WORK INSTRUCTION: Go over the data below line by line, and state how many lines contain the string "chatting". Give the number only.

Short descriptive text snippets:
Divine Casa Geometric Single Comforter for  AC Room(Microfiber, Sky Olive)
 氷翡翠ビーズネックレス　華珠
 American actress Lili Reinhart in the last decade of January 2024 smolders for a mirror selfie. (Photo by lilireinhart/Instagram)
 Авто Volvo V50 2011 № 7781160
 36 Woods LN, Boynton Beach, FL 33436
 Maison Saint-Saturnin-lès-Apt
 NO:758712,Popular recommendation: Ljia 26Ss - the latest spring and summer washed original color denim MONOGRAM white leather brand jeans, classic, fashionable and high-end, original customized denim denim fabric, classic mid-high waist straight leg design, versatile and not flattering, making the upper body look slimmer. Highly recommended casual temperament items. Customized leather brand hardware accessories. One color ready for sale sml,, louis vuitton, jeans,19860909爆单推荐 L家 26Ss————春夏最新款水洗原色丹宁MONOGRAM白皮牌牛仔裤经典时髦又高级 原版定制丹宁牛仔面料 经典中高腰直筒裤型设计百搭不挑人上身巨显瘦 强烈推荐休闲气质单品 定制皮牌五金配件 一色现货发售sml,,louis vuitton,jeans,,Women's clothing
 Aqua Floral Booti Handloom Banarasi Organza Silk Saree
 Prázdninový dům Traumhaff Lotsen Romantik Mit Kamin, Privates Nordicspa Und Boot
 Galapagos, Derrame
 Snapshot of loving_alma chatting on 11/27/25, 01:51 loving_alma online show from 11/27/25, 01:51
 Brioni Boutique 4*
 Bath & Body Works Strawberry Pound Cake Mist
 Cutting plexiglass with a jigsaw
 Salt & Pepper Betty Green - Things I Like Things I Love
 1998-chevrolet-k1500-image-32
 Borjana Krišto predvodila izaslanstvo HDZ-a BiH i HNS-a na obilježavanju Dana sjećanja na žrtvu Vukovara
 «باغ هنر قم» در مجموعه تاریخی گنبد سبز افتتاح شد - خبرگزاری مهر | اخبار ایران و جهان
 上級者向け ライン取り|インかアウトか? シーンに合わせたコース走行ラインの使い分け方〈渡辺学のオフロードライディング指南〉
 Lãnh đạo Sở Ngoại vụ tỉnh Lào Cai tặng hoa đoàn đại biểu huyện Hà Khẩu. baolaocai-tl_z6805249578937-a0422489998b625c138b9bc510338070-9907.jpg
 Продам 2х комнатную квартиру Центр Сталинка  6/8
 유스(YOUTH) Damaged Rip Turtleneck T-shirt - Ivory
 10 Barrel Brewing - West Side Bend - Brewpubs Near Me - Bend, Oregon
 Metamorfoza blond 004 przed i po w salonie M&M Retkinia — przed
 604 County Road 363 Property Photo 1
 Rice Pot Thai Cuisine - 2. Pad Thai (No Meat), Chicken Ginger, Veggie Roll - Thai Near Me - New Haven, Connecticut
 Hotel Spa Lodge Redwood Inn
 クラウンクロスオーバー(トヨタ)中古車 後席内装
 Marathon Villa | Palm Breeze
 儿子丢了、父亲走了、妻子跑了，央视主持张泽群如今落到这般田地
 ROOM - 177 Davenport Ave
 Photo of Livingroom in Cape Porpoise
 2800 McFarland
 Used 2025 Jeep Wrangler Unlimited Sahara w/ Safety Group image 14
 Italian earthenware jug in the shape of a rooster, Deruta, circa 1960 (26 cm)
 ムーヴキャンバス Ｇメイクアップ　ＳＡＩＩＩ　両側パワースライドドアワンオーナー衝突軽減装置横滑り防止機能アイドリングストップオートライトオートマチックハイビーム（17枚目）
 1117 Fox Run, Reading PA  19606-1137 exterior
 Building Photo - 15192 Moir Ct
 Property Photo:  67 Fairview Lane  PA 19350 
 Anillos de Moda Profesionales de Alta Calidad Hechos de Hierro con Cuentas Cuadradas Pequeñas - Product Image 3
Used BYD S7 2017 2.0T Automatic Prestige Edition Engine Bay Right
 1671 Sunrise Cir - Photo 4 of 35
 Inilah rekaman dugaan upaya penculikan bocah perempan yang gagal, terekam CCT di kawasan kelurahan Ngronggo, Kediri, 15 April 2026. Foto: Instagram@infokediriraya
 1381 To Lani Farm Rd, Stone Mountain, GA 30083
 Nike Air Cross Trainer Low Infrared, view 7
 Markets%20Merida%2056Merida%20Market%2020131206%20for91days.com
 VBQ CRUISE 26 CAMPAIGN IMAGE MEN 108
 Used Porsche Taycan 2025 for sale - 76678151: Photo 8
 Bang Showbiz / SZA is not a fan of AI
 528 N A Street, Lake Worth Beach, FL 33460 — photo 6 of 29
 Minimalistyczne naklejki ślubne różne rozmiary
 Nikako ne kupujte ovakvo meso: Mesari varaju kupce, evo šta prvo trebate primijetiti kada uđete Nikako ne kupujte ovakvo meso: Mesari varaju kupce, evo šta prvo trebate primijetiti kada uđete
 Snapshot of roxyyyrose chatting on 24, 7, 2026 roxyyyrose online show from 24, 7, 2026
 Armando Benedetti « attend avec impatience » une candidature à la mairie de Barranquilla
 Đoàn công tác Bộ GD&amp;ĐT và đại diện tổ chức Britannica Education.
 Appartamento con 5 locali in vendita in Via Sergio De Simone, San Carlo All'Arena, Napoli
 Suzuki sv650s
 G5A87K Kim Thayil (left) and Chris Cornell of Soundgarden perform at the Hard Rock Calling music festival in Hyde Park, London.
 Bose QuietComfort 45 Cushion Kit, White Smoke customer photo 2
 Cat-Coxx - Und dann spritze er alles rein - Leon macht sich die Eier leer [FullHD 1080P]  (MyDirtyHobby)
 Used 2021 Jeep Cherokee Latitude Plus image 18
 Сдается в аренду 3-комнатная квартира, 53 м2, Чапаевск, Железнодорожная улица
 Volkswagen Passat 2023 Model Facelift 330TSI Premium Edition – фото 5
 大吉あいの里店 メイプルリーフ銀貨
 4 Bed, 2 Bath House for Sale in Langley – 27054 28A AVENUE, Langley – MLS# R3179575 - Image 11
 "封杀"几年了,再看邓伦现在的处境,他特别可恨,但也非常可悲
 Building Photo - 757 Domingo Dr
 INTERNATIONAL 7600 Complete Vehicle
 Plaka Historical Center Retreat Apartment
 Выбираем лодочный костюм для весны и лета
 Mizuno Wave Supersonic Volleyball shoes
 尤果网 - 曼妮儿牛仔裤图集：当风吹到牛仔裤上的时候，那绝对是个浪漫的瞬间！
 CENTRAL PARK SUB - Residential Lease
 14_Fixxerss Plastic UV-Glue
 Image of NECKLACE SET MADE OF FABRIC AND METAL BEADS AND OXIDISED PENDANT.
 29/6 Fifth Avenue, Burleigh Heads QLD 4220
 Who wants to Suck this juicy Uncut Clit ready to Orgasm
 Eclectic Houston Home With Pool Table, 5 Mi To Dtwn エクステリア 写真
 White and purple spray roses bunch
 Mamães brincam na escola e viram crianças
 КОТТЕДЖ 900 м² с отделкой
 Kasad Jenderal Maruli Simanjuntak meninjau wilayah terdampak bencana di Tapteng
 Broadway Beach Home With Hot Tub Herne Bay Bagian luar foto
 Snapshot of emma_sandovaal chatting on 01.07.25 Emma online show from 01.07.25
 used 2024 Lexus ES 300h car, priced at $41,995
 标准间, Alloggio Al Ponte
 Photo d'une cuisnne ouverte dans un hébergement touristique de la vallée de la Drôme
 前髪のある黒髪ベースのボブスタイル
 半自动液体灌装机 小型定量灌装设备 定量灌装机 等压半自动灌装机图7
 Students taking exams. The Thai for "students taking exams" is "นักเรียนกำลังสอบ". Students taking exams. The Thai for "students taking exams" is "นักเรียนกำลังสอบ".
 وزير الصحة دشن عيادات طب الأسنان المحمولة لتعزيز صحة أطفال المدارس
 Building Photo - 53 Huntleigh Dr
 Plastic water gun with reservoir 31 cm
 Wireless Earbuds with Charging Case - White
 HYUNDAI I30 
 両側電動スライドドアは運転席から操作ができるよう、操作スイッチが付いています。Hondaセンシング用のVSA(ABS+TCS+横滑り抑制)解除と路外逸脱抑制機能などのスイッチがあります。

TASK RESULT: 3